Founded by the philosopher Yang Zhu during the Warring States Period, Yangism holds that all actions are or should be based on self-interest, and is considered an early form of psychological and ethical egoism. They focused mainly on human nature, or xing as it is referred to.
No documents authored by Yangists have been found yet, so all we know about them comes from comments by rival philosophers, including Meng Zi (better known as Mencius), who claimed that Yangism rivaled popular philosophies such as Mohism and Confucianism (the latter of which would later become the most popular philosophy and so-called religion in China). Mohism advocated universal love and impartial compassion for all things,
Yangists believed in preserving one’s own self and keeping it intact, protecting one’s own uniqueness, and not letting yourself be tied by other things. It encourages you to pursue individual pleasure, but not at the risk of your personal health. Yangists also believed that you should care for your own nature, or xing, and not have not uphold the nature of others, even in defiance of the emperor. In this sense Yangism was a direct attack on both Mohism and Confucianism by opposing the idea of universal love and the power of the emperor, calling the latter baseless and destructive, and state intervention morally flawed.

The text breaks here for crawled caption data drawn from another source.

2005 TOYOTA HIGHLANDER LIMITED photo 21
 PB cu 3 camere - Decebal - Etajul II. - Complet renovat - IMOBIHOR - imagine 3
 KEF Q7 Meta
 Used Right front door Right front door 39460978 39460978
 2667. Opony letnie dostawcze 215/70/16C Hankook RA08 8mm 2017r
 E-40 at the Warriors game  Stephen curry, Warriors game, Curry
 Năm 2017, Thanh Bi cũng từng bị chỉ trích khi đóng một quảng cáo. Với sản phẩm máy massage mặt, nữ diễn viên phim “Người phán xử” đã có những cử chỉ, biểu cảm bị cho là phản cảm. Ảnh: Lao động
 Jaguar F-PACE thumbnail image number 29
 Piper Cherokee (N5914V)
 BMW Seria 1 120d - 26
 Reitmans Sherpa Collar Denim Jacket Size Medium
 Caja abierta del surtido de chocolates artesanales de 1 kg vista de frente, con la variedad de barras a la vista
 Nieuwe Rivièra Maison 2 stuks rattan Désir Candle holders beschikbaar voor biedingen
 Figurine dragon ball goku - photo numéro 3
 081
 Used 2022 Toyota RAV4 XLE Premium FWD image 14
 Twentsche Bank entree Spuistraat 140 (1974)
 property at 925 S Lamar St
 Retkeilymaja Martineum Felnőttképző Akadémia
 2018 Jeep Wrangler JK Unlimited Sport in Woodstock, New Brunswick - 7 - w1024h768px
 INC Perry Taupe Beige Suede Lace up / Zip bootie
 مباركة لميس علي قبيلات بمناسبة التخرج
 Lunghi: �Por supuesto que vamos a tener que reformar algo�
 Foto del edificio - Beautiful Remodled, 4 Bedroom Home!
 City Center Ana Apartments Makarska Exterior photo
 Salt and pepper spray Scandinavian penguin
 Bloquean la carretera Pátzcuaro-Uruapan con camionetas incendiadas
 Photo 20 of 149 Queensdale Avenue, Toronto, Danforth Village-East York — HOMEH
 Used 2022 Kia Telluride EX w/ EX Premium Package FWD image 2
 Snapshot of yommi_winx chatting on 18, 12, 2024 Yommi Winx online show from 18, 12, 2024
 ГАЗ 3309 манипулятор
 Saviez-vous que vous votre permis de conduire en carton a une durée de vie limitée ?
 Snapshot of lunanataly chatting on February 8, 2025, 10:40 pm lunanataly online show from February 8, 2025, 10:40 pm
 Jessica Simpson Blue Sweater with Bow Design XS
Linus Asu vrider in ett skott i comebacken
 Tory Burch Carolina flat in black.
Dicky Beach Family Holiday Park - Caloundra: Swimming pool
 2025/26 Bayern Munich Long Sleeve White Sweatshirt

Yang Zhu also emphasized that self-impairment or self-sacrifice will not benefit the world or others in any way, and that while he would not toil for others, he would also not harm others just for his own advantage or personal gain and says it should be avoided as external to ones own nature.
The ideas laid out by Yangism are interesting, and I think it provides an interesting picture, but we don’t know enough about it to get a full picture, as Yangism fell into obscurity by the time Sima Qian compiled the Records of the Grand Historian (a.k.a. the Shiji, meaning “Historical Records”).